■ **TASK OBJECTIVE**:
Please repeat only the lines below starting at the line that holds "Snapshot of iron__chapman" and ending at the line that holds "2024 Aston Martin DB12 照片 4", exactly, with both of those lines included and every picture omitted.

■ **SUPPLIED MATERIAL**:
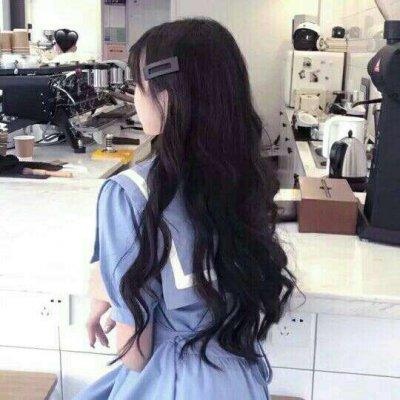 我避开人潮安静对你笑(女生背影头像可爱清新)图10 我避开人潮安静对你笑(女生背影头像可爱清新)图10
---
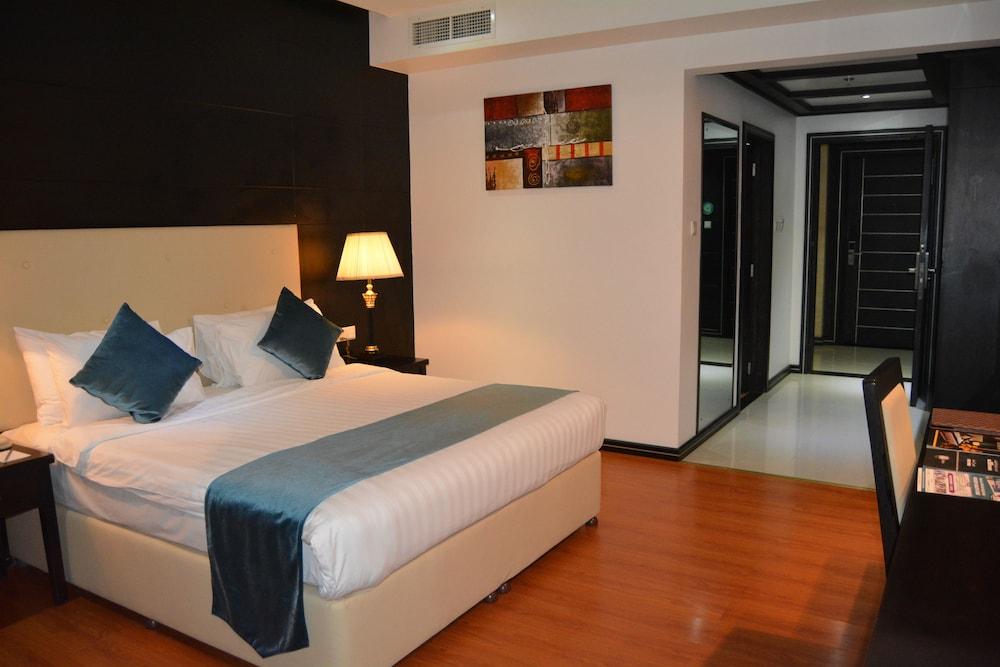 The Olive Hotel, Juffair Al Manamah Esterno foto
...
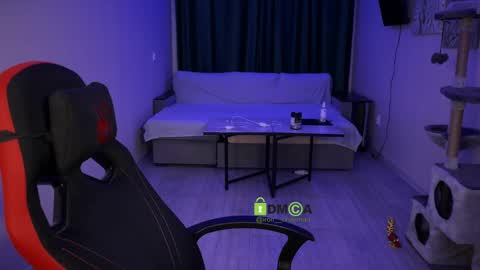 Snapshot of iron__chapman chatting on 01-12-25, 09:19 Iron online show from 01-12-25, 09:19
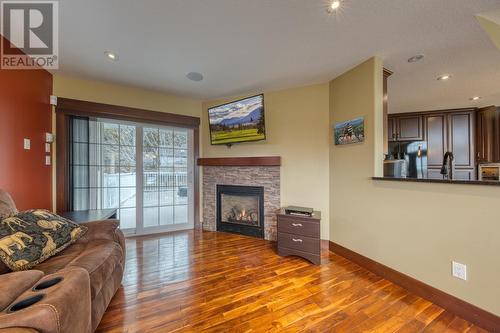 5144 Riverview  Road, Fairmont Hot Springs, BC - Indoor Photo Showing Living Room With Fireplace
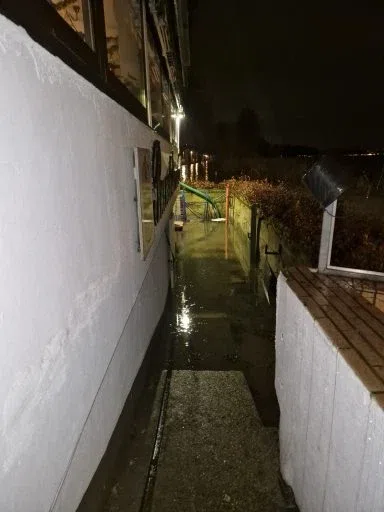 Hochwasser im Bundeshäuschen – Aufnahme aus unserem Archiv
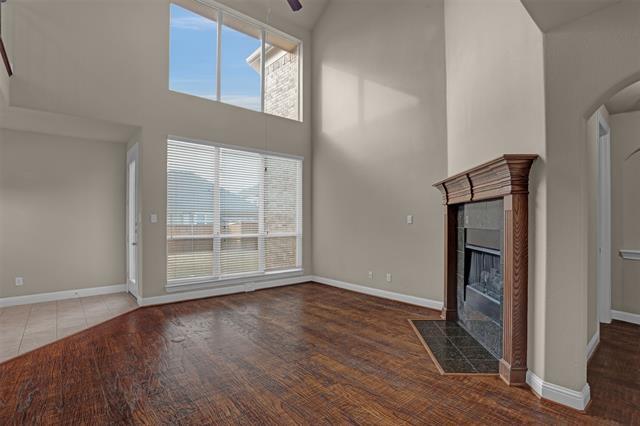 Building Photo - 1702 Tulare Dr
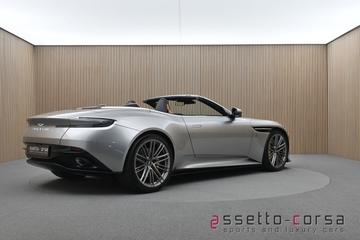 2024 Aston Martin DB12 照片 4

■ **EXERCISE ANSWER**:
 Snapshot of iron__chapman chatting on 01-12-25, 09:19 Iron online show from 01-12-25, 09:19
 5144 Riverview  Road, Fairmont Hot Springs, BC - Indoor Photo Showing Living Room With Fireplace
 Hochwasser im Bundeshäuschen – Aufnahme aus unserem Archiv
 Building Photo - 1702 Tulare Dr
 2024 Aston Martin DB12 照片 4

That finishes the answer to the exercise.